Transcribe the lines below exactly, beginning with the line that holds "Refreshing screened pool" and ending with the final line, both included. Pictures are to be left out.

▶ **COLLECTED DATA**
__________

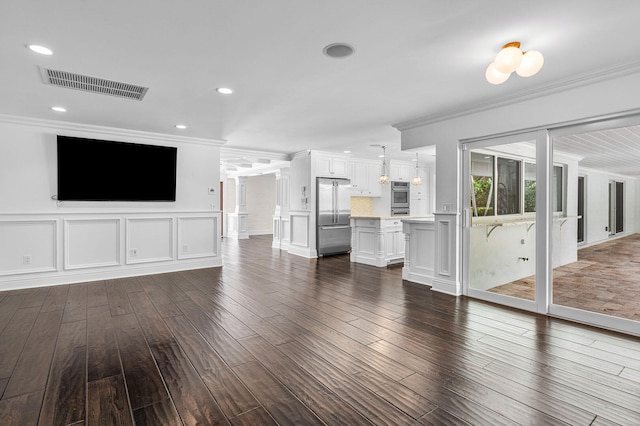 unfurnished living room featuring dark wood-type flooring and crown molding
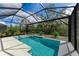 Refreshing screened pool with a spa and lush landscaping at 9281 Ballaster Pointe Loop, Parrish, FL 34219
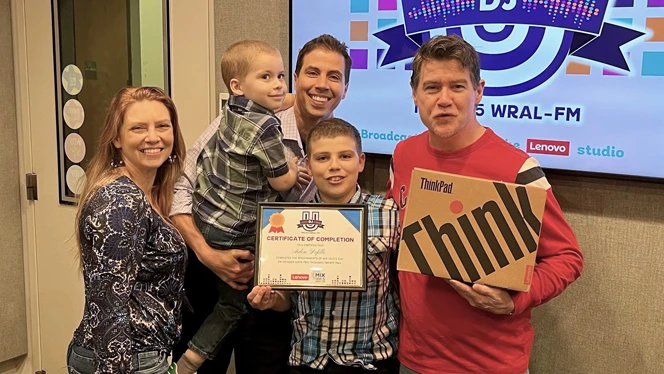 Aiden Defillo and his family pose with WRAL DJ Doug Miller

__________

▶ **SOLVED EXERCISE**
 Refreshing screened pool with a spa and lush landscaping at 9281 Ballaster Pointe Loop, Parrish, FL 34219
 Aiden Defillo and his family pose with WRAL DJ Doug Miller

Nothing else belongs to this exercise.